(Stored items)
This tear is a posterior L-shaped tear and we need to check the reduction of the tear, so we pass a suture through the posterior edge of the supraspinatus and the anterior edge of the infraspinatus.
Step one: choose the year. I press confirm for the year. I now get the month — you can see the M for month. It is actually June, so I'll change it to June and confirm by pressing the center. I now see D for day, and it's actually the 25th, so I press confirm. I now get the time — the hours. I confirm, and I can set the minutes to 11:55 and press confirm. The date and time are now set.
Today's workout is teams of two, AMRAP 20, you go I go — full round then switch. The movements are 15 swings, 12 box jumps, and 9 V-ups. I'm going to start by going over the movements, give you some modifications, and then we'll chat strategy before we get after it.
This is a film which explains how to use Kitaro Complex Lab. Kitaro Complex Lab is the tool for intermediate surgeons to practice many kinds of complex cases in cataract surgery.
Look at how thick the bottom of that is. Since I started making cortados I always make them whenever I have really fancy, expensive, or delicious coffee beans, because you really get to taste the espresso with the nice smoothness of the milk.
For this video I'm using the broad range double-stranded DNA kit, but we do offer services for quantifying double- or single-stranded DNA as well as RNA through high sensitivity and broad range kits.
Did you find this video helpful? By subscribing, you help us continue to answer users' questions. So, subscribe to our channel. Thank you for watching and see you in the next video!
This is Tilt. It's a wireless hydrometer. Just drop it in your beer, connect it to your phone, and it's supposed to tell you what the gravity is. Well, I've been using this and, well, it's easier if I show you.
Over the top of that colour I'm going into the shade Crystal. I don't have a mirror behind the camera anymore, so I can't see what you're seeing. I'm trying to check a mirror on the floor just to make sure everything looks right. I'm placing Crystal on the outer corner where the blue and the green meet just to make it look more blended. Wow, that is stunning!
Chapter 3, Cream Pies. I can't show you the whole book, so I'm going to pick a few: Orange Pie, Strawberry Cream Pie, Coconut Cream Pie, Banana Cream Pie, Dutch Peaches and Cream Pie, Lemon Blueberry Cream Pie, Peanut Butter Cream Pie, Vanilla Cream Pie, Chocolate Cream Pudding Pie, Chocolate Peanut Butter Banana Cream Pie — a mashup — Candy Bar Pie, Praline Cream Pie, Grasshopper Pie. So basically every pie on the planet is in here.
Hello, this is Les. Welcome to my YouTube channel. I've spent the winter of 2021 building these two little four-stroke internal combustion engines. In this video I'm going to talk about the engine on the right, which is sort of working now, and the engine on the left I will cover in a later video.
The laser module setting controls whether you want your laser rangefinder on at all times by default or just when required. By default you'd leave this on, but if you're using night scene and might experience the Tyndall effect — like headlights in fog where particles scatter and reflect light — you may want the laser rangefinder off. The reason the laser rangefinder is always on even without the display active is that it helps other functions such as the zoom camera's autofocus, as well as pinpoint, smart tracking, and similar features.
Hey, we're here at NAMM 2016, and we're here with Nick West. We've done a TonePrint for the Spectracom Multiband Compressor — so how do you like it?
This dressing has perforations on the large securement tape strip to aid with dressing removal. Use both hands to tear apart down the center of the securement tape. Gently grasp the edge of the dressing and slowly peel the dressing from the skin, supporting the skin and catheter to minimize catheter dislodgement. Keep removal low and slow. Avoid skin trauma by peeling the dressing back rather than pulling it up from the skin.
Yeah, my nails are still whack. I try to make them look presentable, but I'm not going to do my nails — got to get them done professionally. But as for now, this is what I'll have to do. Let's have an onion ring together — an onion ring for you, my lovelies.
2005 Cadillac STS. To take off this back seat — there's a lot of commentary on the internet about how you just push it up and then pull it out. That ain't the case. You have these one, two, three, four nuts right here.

◆ Action item: Please work out how many lines of the data include the string "what" and reply with the number alone.

◆ Response area: 3